An Outward Bound Reflection by Siduri Beckman, Student at Masterman High School in Philadelphia and three-time POBS Expedition Alum.
When I was a little girl, my grandfather taught me how to fall. Falling was inevitable, he said; you weren’t always going to catch yourself. But if you fell in the right way, you wouldn’t hurt yourself, either.
Little did I know how much I would be using his advice a decade later on my trips up and down the vertical Appalachian Trail, complete with boulders and precarious footholds.
Outward Bound is not your everyday camping. There’s no room for self-pity, modern comfort or control freaks. You work together or you don’t work at all.
My generation has higher expectations than ever before: varsity athlete, straight As, saint-like volunteer with a thriving social life, 150 likes on your latest Instagram post to prove it. All of this is a build-up to what college you get into, what grad school, what job—things spin out of control pretty quickly.

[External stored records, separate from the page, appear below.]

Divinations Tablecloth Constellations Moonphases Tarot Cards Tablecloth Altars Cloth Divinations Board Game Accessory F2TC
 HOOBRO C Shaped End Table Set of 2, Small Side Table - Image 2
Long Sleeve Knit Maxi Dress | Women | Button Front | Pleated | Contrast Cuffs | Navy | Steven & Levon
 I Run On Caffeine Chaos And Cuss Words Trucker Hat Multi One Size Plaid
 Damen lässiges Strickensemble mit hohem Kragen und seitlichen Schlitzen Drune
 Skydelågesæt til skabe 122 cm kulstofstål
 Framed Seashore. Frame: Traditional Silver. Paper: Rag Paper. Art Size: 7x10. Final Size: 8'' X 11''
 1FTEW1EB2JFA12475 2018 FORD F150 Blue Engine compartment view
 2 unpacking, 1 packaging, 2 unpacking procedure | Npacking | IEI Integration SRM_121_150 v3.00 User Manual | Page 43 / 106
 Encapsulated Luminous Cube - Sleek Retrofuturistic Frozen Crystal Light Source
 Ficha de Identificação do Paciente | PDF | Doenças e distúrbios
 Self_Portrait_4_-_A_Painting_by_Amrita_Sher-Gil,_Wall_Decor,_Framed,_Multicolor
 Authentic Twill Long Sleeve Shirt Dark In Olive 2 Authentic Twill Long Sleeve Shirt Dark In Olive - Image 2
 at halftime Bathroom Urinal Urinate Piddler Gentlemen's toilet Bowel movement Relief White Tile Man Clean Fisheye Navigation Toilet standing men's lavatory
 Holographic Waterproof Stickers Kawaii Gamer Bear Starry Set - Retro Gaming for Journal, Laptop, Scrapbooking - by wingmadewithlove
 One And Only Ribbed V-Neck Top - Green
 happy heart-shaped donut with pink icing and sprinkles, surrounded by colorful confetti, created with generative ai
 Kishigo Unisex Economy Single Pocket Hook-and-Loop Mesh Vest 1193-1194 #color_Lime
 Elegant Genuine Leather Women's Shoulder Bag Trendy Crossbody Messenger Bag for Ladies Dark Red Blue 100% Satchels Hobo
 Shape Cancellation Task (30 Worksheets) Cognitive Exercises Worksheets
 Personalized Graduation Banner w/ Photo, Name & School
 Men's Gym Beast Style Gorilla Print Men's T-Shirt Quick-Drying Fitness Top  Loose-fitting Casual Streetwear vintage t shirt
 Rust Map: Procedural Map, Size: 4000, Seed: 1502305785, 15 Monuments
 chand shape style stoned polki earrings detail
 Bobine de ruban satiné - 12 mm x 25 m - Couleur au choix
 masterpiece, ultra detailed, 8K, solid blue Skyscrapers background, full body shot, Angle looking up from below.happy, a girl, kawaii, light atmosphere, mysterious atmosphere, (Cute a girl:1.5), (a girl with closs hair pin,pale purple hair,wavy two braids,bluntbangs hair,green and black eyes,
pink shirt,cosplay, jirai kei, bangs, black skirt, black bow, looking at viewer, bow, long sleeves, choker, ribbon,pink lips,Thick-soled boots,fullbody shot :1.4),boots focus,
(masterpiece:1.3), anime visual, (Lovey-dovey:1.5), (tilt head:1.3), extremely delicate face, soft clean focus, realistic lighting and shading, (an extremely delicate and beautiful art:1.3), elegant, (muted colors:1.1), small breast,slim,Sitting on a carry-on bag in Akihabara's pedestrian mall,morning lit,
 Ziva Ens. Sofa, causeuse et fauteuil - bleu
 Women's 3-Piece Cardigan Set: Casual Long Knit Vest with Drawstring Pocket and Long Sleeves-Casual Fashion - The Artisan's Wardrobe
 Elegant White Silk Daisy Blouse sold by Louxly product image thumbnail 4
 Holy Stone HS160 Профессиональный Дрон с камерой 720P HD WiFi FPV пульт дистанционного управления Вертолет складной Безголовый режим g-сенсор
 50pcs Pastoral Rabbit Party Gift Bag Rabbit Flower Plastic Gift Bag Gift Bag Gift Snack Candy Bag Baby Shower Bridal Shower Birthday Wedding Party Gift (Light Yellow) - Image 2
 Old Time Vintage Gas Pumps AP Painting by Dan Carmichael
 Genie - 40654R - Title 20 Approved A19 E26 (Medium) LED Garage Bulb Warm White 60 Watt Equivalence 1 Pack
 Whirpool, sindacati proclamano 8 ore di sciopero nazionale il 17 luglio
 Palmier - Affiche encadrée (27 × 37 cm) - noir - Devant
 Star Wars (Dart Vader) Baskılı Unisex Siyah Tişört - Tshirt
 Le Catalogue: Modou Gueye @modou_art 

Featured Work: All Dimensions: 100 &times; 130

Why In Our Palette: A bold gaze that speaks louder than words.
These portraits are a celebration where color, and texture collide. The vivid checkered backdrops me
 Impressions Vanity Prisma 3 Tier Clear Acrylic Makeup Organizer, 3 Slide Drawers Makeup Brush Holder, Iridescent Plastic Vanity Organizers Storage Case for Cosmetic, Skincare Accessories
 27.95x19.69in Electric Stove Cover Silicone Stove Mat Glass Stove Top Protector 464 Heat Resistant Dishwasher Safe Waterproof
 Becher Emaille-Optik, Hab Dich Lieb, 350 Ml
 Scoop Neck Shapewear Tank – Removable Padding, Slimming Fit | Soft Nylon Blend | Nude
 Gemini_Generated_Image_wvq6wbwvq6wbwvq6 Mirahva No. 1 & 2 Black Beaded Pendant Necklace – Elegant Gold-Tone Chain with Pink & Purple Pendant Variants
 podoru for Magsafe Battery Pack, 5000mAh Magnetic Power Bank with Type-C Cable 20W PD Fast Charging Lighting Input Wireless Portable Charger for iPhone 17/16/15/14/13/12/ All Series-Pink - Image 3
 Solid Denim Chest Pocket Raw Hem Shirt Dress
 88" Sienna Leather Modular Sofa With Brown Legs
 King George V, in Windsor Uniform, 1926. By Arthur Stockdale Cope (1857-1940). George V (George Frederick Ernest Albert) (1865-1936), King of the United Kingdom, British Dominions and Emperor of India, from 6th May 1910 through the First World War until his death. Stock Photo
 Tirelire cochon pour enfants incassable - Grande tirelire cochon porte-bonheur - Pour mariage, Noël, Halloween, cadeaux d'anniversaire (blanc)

Outward Bound takes you back to the basics — why we’re here. We’re here to live. Throwback Thursday to the caveman, who, just like us, had the ability to survive in the wilderness, an ability that hibernates deep within us—too deep. Homo Sapiens have been around for 200,000 years. Civilization has only been here 5,500. This is who we are.
Outward Bound presents you with tangible fears and very physical challenges that ground daydreamers like me back into our bodies. I’ve faced rattling rattlesnakes, hungry bears and midnight hikes. I’ve kept a fire going all night long when it was 25 degrees outside. I’ve had to steel myself to take one more step.
Outward Bound teaches you how to fall. Success is never guaranteed and plans change. People make mistakes. People get lost, for miles and for years. Outward Bound teaches you how to perceive failure and how to cherish the small things that we should celebrate as our successes in life. Failure is inevitable and it is a gift. It is the only thing in our busy bee lives that forces us to slow down and look at what happened.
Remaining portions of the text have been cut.